Но его реакция показательна. Сочетание слов „русское национальное самосознание” почти пугает русских же людей”.
Александр Самоваров. Русский стандарт — в школу! — “Русский Обозреватель”, 2009, 1 сентября .
“И что будет в реальной школе, если в московских школах посвятить урок толерантности и рассказу о холокосте? Не знаю, в чью голову эта идея пришла. Может быть, это тайный враг еврейского народа? Ибо всякий, кто работал в школе учителем, понимает, во что может перейти такой урок. Далеко не все дети знают, что такое холокост, и у них сразу возникнут специфические вопросы — а за что немцы уничтожали евреев
в газовых печах? Ни за что? Все немцы вот так сошли с ума и ни за что сжигали евреев в газовых печах? „Да нет, — скажут учителя, — это не немцы, это Гитлер”? „А Гитлер чего хотел?”— спросят любознательные дети. И так далее. К тому же какая-то часть учеников знает про холокост и имеет собственное отношение ко всему этому, и вполне вероятно, что они на уроке или после урока поделятся этим своим отношением с остальными детьми.
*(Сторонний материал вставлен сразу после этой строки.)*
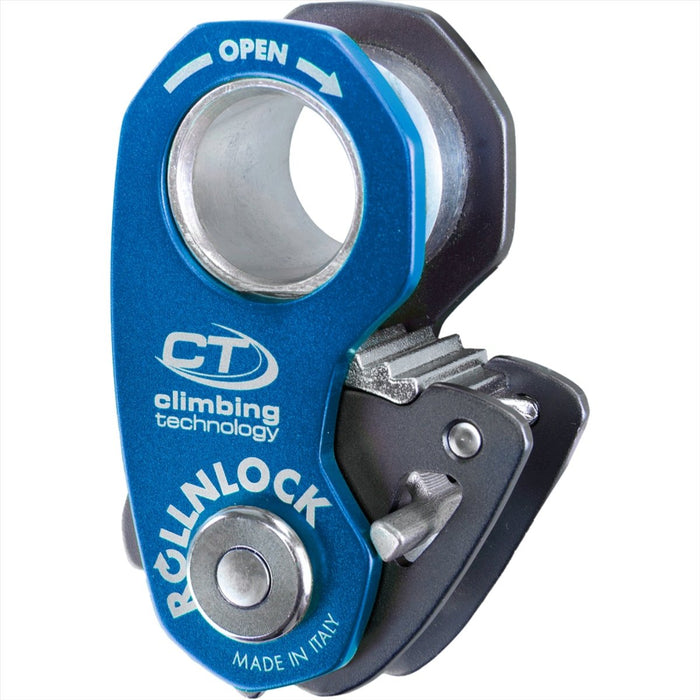 Climbing Technology ROLLNLOCK Pulley Ascender Herramienta de cuerda ultraligera 3 en 1 - GoMilitar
Бездумное перенесение западных образцов на нашу почву всегда будет приводить к обратным результатам: „Хотели как лучше, а получилось как всегда””.
Сергей Семанов. Быть русским достойно есть. — “АПН”, 2009, 7 августа .
Среди прочего автор вспоминает: “В начале горбачевской перестройки (Горбачев — ничтожество и дрянь, но сперва повеяло чем-то свежим) меня избрали заместителем председателя жилищной комиссии Союза писателей (председателем был один „классик”, но он не отвлекался). То была вторая по значению комиссия в Союзе (после приемной, ибо поступить тогда „в писатели” было очень трудно). Мы распределяли квартиры, хорошие и бесплатно, что сейчас кажется чем-то невероятным. В работе нашей, как и во многих иных общественных и даже государственных организациях, четко, хотя и негласно, соблюдался принцип двоичности — наличие русской партии и еврейской. Свидетельствую, что в нашей важной и сугубо деловой сфере обе партии взаимодействовали разумно и успешно. Скажу, например, что в ту пору хорошие квартиры получили известный П. Палиевский и еврей А. Нежный, заметный тогда публицист. Взаимодействие достигалось просто. От русских прикровенные переговоры вел я, от евреев — малоизвестный прозаик, русский, но имел он долгосрочную еврейскую любовницу, от которой весьма зависел (ввиду щекотливых тех обстоятельств имя его опустим). Переговоры осуществлялись примерно так: подходил к нему я и говорил, что подал заявление такой-то, ваши его вроде бы недолюбливают, но литератор он хороший, а дела его плохи — жена беременна, теща больная, жить негде, надо помочь... Он обещал, видимо говорил со своими, все проходило спокойно и благополучно. Или он говорил мне примерно то же: ваши к этому писателю не очень, но жена больна, теща беременна и т. п. Я обещал, говорил с нашими, но не со всеми, была у нас поэтесса Т. Пономарева, патриотичная, но очень нервная, с такими договариваться в серьезных делах трудно, обходились без нее. Оба крыла нашей литературной птицы махали слаженно, и летала она в тогдашних взвихренных небесах вполне спокойно. Приятно вспоминать. Случаев подобного плодотворного сотрудничества русских и евреев было тогда крайне мало, но они имелись, и в этом проглядывается возможное будущее”.
Олег Сивун. Я левый буржуа. Или сдержанный левак. Беседу вел Сергей Шаповал. — “Культура”, 2009, № 32, 20 — 26 августа.
“Мне кажется, письмо не обладает никаким целеполаганием, оно ценно само по себе. Письмо — самодостаточный процесс, личность с ним не соприкасается. Когда ты начинаешь писать, ты перестаешь быть той личностью, которая существовала до писания. Акт письма — это прежде всего отход от самого себя. Язык более автономен, чем личность, он обладает правами на текст, автор вторичен. Основу всего составляют именно языковые потоки, причем они не всегда находятся в тебе, они проявляются в моменты письма. Поэтому я протестую против точки зрения, согласно которой личность и писатель — это одно и то же”.